In Transylvania, Biertan, Romania encircles its fortified church with a ring of homes and snowy lanes that feel frozen in a quieter century. This is not a place for club-hopping; it is for tracing ramparts at blue hour and listening for the echo of steps on stone.
And then there are the Indian Himalayas, where Anini village in Arunachal Pradesh might be one of the last true frontier landscapes left on the subcontinent. Encircled by the emerald Dibang Valley, cloud forests and the culture of the Idu Mishmi people, Anini is still more handwritten letter than brochure: Dri and Mathun valleys, grasslands like Emuli, and waterfalls that require treks instead of tickets.
How travellers can choose villages over “it” towns
- Redefine your wish list. Instead of nightlife and shopping, prioritise silence, walking, traditional architecture and landscape criteria that naturally point you towards mountain hamlets, lake settlements and island communes.

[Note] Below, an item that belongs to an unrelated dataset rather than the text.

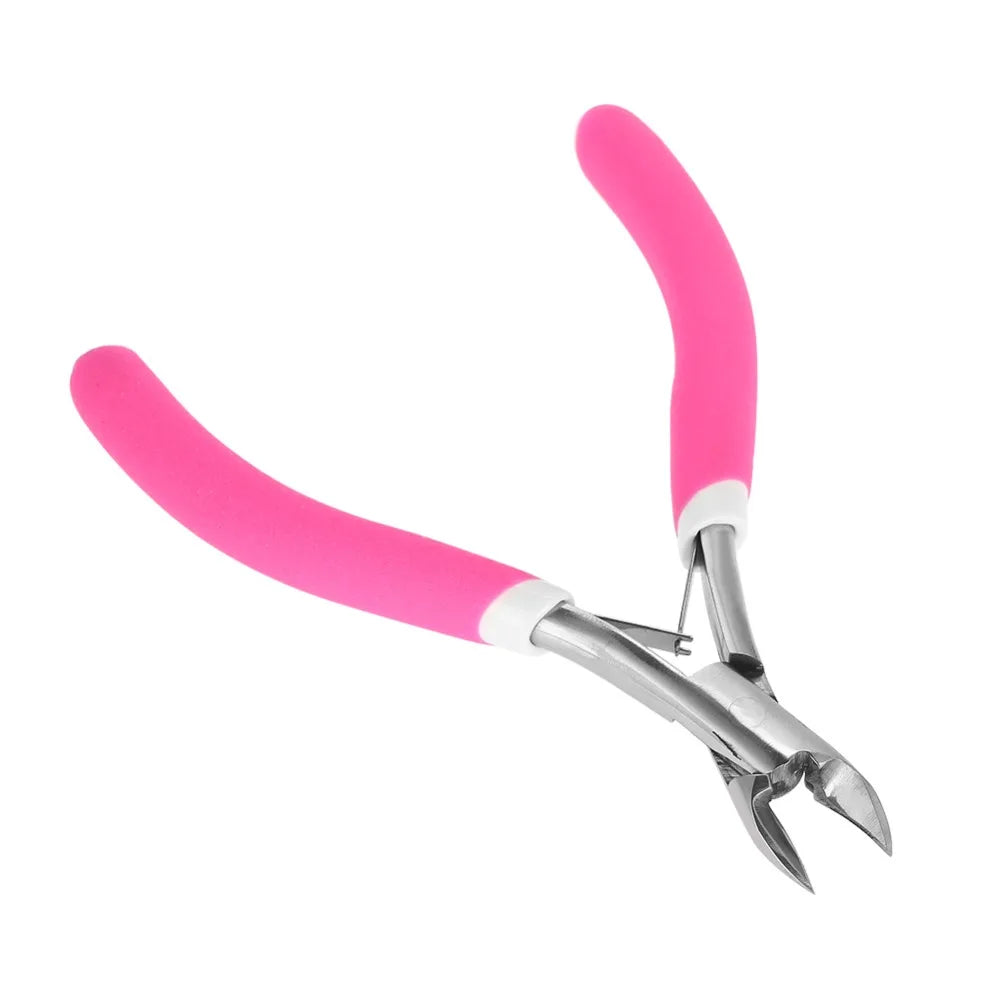 Stainless Steel Cuticle Nipper | Double Spring Nail Trimmer Cuticle Nipper QXL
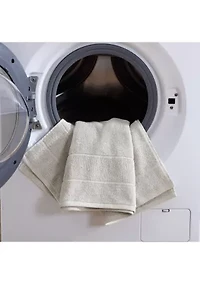 Island Retreat 100% Cotton Terry 2 Piece Hand Towel Set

- Travel deeper, not wider. Pick one region say, the Swiss Bernese Oberland or India’s Dibang Valley and base yourself in a single village for several days, using it as a hub for hikes, day trips and conversations rather than rushing between cities.
- Seek local infrastructure. Look for homestays, village-run guest houses, community guides and small tour operators; in Anini, for example, local stays and guides open doors to Chigu, Emuli grasslands and traditional Idu Mishmi homes that no big chain hotel can replicate.
- Travel off-season. Winter in Grindelwald, Hallstatt or Castle Combe strips away crowds and adds snow, markets and long, luminous evenings, while shoulder seasons in places like Reine or Bourtange reveal daily life beyond peak-tourist theatre.
- Stay curious and respectful. Rural communities are not lifestyle props; they are living cultures with their own rhythms, boundaries and sacred spaces, from Svan towers in Ushguli to monasteries near Mont-Saint-Michel and clan rituals in Anini.
This New Year, the choice is stark: another countdown in a city that barely notices you were there, or a lantern-lit lane where one night is enough for the baker, the innkeeper and the bus driver to remember your face. Book the train that stops one station before the famous town, follow the road that disappears into the hills, and let a village whether in Arunachal’s mist, Georgia’s snow or Switzerland’s valley light rewrite what “cool” travel means for you.